> _Your goal_
An exact copy of the lines, starting at the top of the listing and ending with the line that has "Hey there, Alex", is the required answer. Pictures are not part of it.

> _Data listing_
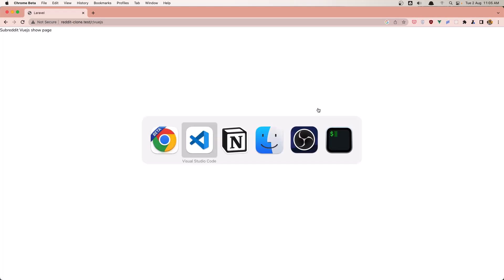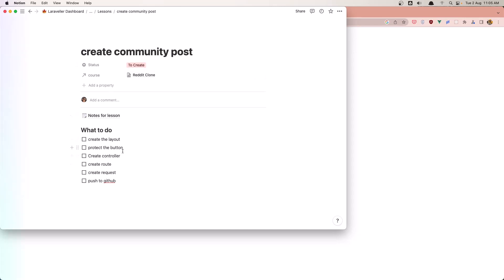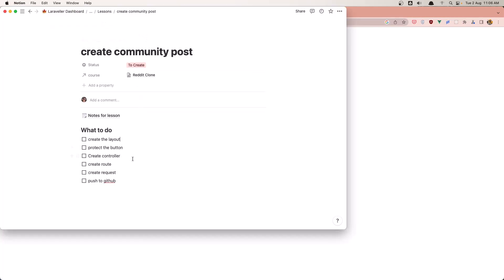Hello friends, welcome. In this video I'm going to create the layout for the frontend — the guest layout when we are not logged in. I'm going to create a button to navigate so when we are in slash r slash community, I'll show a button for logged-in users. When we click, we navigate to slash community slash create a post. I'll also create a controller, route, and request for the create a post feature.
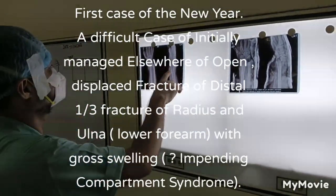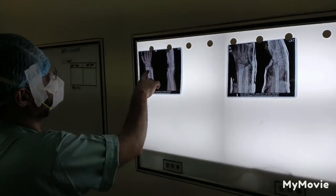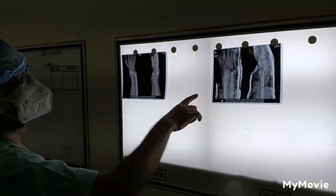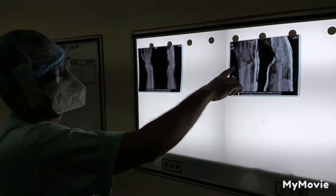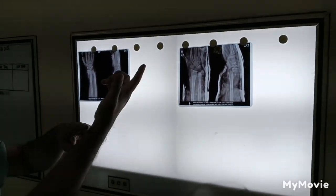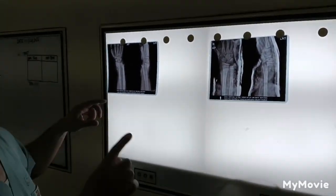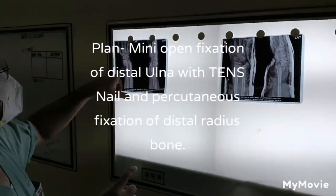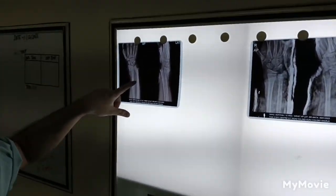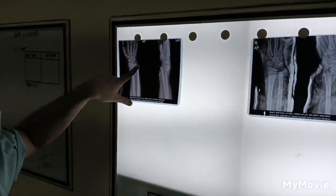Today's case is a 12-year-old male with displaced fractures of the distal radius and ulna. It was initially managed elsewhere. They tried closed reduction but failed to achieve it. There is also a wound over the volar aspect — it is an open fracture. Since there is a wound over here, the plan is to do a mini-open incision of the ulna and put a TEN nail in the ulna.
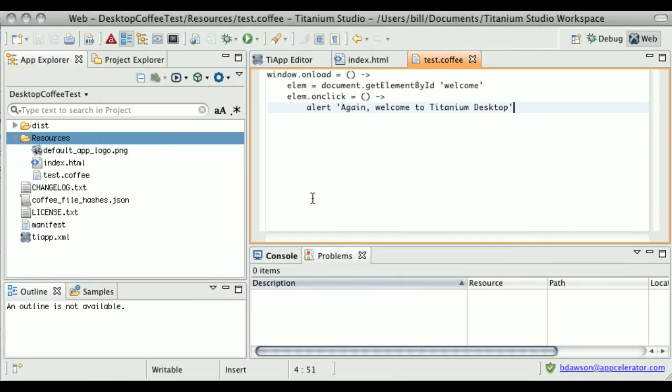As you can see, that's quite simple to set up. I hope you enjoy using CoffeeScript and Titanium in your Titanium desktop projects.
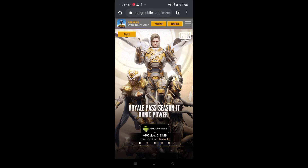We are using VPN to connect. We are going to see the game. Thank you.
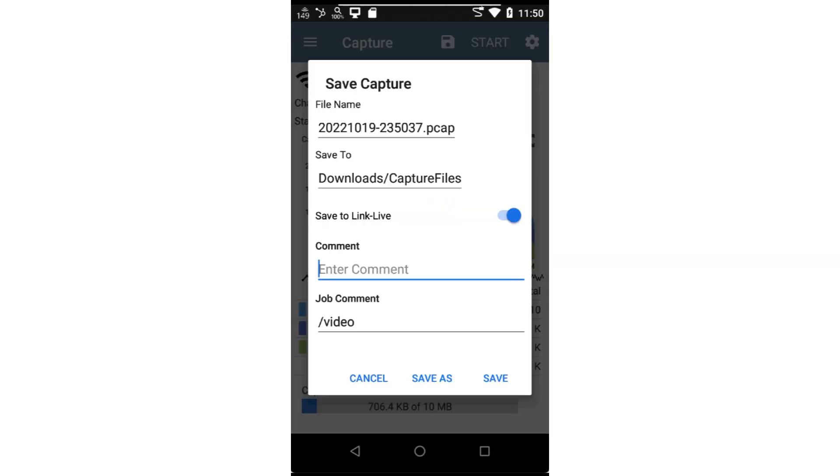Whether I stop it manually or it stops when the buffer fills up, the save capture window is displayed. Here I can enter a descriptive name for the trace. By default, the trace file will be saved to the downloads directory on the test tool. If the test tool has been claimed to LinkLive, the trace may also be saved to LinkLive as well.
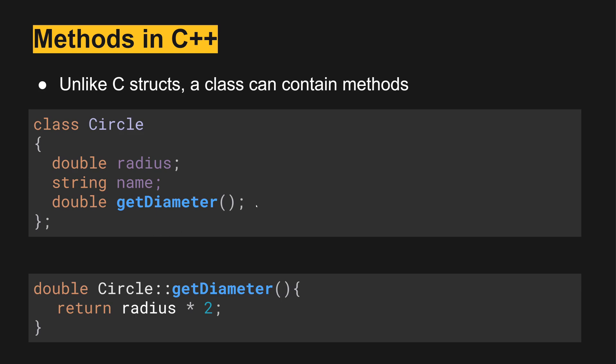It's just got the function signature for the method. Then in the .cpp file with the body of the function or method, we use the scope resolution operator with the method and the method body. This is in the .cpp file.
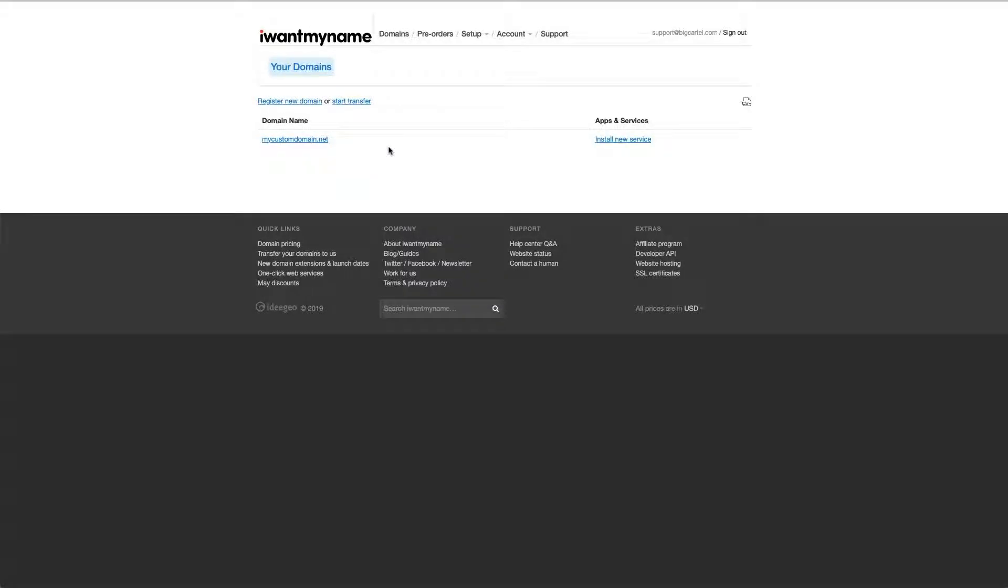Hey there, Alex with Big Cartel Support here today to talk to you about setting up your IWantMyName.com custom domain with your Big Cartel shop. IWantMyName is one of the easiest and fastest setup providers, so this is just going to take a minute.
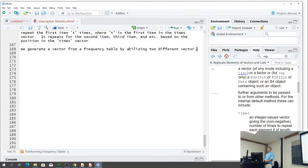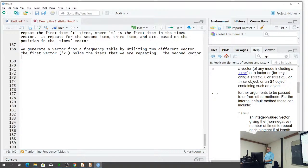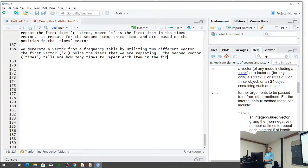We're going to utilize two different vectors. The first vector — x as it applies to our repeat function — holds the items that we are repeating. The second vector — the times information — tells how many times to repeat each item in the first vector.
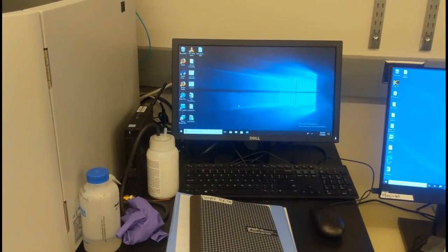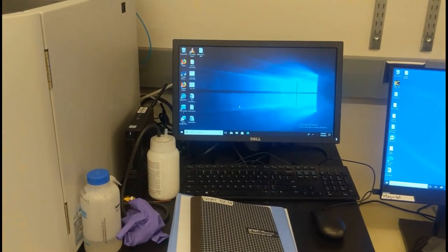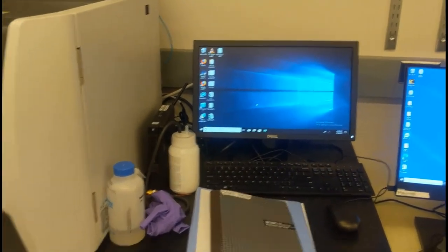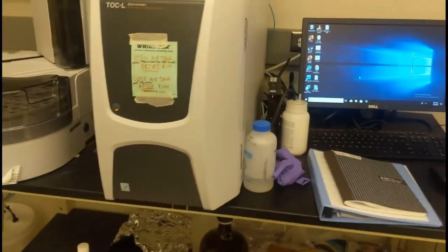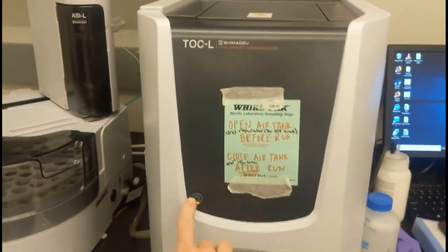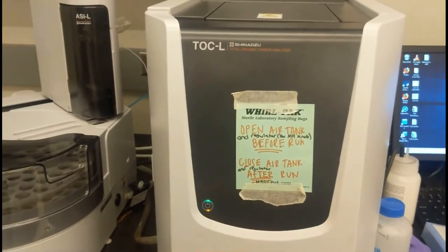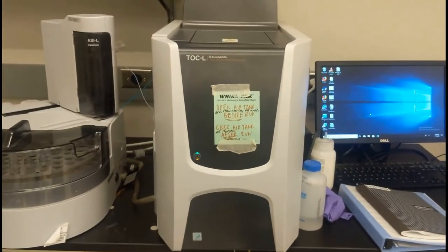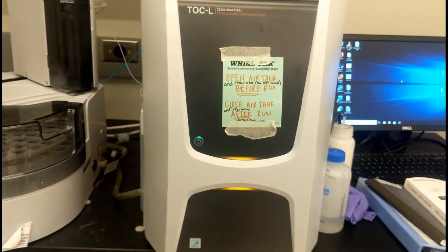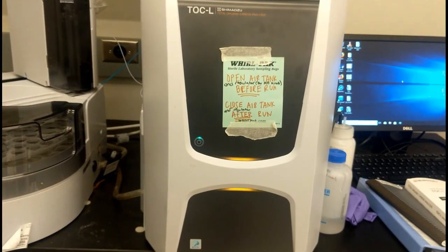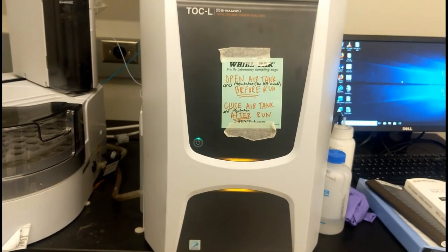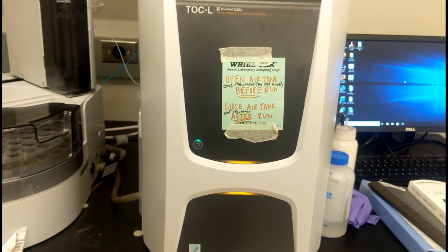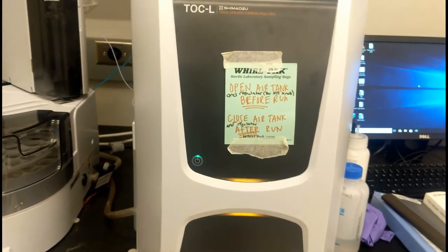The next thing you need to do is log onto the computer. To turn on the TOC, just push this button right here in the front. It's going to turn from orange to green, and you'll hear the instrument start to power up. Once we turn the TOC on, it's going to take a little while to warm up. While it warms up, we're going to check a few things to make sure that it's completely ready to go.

> _Output for this exercise_
Hello friends, welcome. In this video I'm going to create the layout for the frontend — the guest layout when we are not logged in. I'm going to create a button to navigate so when we are in slash r slash community, I'll show a button for logged-in users. When we click, we navigate to slash community slash create a post. I'll also create a controller, route, and request for the create a post feature.
Today's case is a 12-year-old male with displaced fractures of the distal radius and ulna. It was initially managed elsewhere. They tried closed reduction but failed to achieve it. There is also a wound over the volar aspect — it is an open fracture. Since there is a wound over here, the plan is to do a mini-open incision of the ulna and put a TEN nail in the ulna.
As you can see, that's quite simple to set up. I hope you enjoy using CoffeeScript and Titanium in your Titanium desktop projects.
We are using VPN to connect. We are going to see the game. Thank you.
Whether I stop it manually or it stops when the buffer fills up, the save capture window is displayed. Here I can enter a descriptive name for the trace. By default, the trace file will be saved to the downloads directory on the test tool. If the test tool has been claimed to LinkLive, the trace may also be saved to LinkLive as well.
It's just got the function signature for the method. Then in the .cpp file with the body of the function or method, we use the scope resolution operator with the method and the method body. This is in the .cpp file.
Hey there, Alex with Big Cartel Support here today to talk to you about setting up your IWantMyName.com custom domain with your Big Cartel shop. IWantMyName is one of the easiest and fastest setup providers, so this is just going to take a minute.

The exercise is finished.